With the environment activated:

$ python -c "import torch; print(torch.__version__)"
2.0.1+cpu

Maria Sofia · Answer 5 · Sat Apr 20 2024 04:43:24 GMT+0800 (China Standard Time)

Thank you! I rebuild farmvibes-ai and followed your latest solution and that seems to have helped!

Right now, I receive this message but looking into it further suggests that it is due to limited memory on the machine I am currently using. Otherwise, I would say that it worked, thank you

Rafael Soares Padilha · Answer 6 · Tue Apr 23 2024 20:09:07 GMT+0800 (China Standard Time)

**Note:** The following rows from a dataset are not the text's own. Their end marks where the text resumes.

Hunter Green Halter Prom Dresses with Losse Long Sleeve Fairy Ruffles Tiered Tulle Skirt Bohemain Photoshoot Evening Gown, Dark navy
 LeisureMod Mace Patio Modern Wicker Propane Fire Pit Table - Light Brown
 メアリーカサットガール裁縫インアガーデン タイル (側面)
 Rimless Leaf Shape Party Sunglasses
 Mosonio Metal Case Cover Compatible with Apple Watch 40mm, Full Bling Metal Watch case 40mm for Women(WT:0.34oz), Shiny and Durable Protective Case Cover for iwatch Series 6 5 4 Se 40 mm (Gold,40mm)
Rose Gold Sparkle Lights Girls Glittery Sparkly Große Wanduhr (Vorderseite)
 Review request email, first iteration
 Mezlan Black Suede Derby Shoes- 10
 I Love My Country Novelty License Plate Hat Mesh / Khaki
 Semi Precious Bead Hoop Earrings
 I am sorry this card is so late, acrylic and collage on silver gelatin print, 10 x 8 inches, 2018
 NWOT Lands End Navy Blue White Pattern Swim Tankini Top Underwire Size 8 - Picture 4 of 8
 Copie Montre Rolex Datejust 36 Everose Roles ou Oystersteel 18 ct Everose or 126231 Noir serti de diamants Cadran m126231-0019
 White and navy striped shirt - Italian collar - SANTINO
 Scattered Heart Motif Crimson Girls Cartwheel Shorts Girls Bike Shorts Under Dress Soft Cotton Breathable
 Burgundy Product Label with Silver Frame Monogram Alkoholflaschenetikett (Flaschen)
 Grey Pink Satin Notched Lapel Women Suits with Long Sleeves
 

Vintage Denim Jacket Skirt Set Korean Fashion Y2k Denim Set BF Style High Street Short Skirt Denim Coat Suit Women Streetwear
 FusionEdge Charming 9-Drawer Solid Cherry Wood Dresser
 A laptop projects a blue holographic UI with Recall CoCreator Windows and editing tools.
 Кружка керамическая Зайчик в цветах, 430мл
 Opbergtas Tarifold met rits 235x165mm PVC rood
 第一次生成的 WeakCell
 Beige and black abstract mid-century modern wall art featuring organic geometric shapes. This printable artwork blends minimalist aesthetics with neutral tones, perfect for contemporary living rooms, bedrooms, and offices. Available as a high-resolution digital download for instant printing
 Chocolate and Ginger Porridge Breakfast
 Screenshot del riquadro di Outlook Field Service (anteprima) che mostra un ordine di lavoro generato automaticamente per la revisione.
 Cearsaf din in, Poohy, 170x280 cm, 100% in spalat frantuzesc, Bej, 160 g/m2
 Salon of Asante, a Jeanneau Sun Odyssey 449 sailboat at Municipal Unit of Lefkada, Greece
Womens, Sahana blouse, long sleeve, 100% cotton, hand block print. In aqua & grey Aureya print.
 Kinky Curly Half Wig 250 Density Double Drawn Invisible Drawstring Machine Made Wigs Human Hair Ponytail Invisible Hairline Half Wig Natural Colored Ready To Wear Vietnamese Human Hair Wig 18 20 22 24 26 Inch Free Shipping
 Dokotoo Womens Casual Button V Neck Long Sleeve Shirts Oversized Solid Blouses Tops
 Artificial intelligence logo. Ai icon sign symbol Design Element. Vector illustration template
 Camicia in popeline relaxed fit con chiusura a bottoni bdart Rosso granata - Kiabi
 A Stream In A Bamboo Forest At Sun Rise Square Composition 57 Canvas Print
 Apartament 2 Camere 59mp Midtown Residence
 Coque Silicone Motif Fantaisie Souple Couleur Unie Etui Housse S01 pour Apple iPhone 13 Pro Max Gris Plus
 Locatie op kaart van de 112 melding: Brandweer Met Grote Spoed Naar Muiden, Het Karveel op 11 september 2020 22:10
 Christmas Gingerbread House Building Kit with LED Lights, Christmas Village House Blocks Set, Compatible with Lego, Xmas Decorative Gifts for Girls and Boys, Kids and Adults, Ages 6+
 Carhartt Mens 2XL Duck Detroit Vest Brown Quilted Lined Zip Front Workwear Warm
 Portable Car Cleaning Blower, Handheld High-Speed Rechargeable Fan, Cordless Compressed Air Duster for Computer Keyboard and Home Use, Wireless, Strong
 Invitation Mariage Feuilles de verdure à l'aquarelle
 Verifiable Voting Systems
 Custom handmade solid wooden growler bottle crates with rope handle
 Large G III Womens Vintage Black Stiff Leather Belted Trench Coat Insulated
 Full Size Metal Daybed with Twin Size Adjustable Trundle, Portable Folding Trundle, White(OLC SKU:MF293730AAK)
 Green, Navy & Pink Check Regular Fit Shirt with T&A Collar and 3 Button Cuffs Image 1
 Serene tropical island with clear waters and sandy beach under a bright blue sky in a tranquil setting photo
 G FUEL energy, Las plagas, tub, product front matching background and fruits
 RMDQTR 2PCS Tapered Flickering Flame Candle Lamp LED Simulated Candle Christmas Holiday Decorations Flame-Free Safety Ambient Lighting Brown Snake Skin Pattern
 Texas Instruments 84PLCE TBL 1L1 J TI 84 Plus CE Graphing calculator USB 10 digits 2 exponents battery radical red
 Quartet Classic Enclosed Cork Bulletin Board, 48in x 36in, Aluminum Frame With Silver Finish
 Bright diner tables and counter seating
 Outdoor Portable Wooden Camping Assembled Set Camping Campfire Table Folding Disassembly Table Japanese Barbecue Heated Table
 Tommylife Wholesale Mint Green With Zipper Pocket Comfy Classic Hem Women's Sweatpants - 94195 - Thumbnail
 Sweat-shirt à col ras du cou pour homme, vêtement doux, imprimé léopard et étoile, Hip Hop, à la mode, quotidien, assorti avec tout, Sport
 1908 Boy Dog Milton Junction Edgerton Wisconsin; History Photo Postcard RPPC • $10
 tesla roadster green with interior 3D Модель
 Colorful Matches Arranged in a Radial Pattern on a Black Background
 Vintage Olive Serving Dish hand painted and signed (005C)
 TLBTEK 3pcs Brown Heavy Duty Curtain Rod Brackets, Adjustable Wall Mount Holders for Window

I'm glad that error is fixed.

For this new one, the script doesn't require that much memory, especially with the vit_b model. What are your specs (memory and disk space)?

The script also logs a few messages (e.g., when it is able to load the encoder/decoder model and when it starts converting them), but these didn't show up, which I find it weird.

Are you able to import onnxruntime and onnx?

import onnx
import onnxruntime

Rafael Soares Padilha · Answer 7 · Sat May 18 2024 00:34:15 GMT+0800 (China Standard Time)

Closing this issue for now. @marias65, let me know if you are still facing this error.